## [Problem to work on]
Using the entries below, write out the line with "simple nike sweatshirt", the line with "Golf Access Summer", and every line in between, exactly as each is written.

## [Data supplied]

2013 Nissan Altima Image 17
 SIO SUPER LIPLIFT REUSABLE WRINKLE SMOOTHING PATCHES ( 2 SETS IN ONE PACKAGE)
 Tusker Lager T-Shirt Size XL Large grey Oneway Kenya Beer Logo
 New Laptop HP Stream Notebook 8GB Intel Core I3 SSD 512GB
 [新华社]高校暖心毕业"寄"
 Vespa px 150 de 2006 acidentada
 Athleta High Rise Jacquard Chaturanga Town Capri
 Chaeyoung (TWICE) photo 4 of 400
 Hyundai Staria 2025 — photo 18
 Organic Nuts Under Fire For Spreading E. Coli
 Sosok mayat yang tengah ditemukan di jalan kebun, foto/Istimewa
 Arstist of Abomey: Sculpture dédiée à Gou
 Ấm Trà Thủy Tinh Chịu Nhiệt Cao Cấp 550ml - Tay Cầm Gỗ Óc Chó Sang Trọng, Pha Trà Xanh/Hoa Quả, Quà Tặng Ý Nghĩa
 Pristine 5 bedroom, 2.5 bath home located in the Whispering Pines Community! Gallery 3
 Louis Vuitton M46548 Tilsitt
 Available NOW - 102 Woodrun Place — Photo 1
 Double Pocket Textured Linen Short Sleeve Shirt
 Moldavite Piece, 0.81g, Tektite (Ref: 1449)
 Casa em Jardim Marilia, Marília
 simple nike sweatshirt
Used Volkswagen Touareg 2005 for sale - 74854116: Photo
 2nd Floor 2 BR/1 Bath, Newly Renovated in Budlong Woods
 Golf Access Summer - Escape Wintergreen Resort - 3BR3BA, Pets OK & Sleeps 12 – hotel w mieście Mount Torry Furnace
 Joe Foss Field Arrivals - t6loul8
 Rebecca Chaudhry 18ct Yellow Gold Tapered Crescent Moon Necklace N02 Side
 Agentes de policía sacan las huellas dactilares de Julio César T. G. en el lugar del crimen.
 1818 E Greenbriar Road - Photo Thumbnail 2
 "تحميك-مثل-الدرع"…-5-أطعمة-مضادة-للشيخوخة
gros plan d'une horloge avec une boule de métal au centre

## [Answer to the problem]
 simple nike sweatshirt
Used Volkswagen Touareg 2005 for sale - 74854116: Photo
 2nd Floor 2 BR/1 Bath, Newly Renovated in Budlong Woods
 Golf Access Summer - Escape Wintergreen Resort - 3BR3BA, Pets OK & Sleeps 12 – hotel w mieście Mount Torry Furnace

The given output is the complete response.